In a way, life has come full circle, because the Royals were reality TV before there was such a thing. Henry VIII’s exploits were fodder for townie gossip and scandal sheets long before we had a Kardashian Box. Both then and now, the viewers know the game and even may know the rules are contrived, just as they know Jersey Shore‘s Snooki is likely flirting with invisible cameramen. It’s just that the viewers don’t care. I once met a Lancashire woman who was something of a political firebrand and came to America to announce that U.S. citizens owe all Native Americans reparations. I felt hard-pressed to argue, but then in an unguarded moment, she admitted she had loved the royals and wanted to be Princess Di when she was younger. Who was I to be self-righteous at that moment and say, “Your monarchy lives off the fat of the poor and is an abomination to the Rights of Man, Republican idealism, human equality and basic morality. Also, they can’t dance.”
I, too, love reading English history and marvel as chips off the block of William the Conqueror globe trot and take gap years in Chile and need to do little else to stand as testament to the island’s storied past. It’s just that you can love Roman history without needing the Empire to come back. Still, forget the argument about whether the royals are important, whether they should be taxed, or whether their political function makes them easily replaceable with a rubber stamp from Staples. The more important question is: What is the emotional need they fulfill, even in Americans who are supposed to be decathected from such nonsense? Do men in Britain still feel an aching affection for routinzed charisma? Do women still secretly love the idea of being chattel princesses? Or is it more simple? I feel that if we looked into ourselves deeply enough, we’d discover that it’s the same reason we need cable (and pay so much for both): We are existentially sick. We no longer want to live in our bodies. We have checked out. Watching Kate Middleton wed in a story book tale allows us to project ourselves inside of her (take the meaning there however you want), and abscond from our own here and now and the responsibility to our reality. (FYI: Another way to abscond from reality is to believe in heaven.)

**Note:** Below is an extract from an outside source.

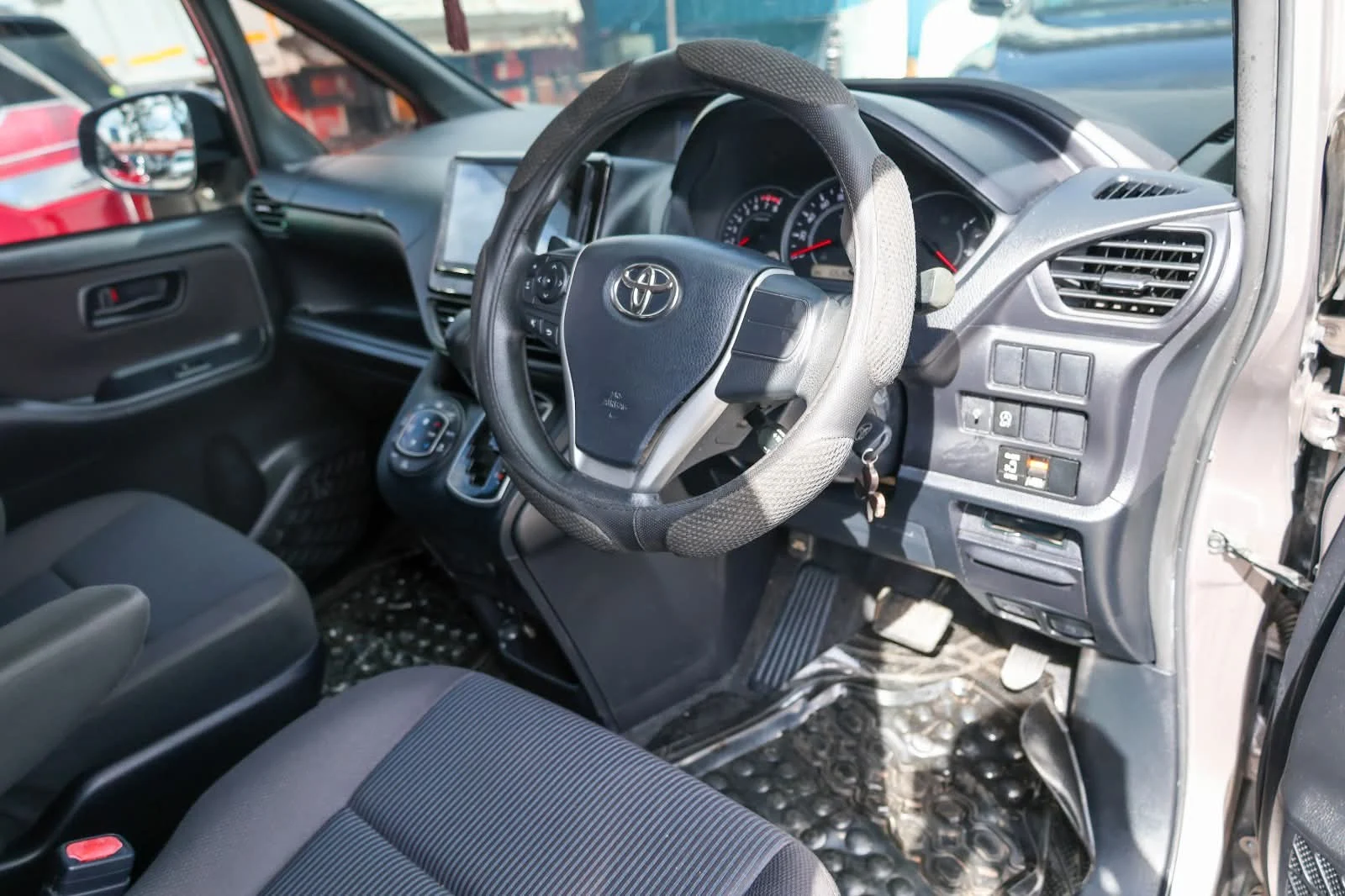 Toyota Voxy  New Shape Van New Arrival 😲 QUICK SALE. Cars from 150K, 30% Deposit lipa pole pole. Hire purchase installments HP. UpTo 70% financing/finance NO CRB STATUS CHECK Trade in OK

Being in our own here and now, after all, is too hard. We are most of us at the mercy of adrenal glands who do our thinking for us. Our bodies are tired from feeling things, freeing ourselves from them mentally is our constant burden. To be in your body all the time requires constant thought and maintenance. Exercising. Working. A debate. Running errands. Motorcross. Skydiving. Even blogging. To take ownership of your own being is a task many of us would readily shrink from. Some literary critics even contend that it’s the struggle where mythology originates–the contrived stories we tell each other and which we use to arrange reality are nothing more than shadows on the wall projected by our own conflicted glands. Thus the royals are are not just Williams and Harrys. They are also our Dicks.
I leave you with that thought as you enjoy the royal wedding. I hear that Sophie Cranston is a fab designer!
Where does that leave me? … Just bought a new Apple TV. So juicy … so delicious … here comes my descent into existential oblivion.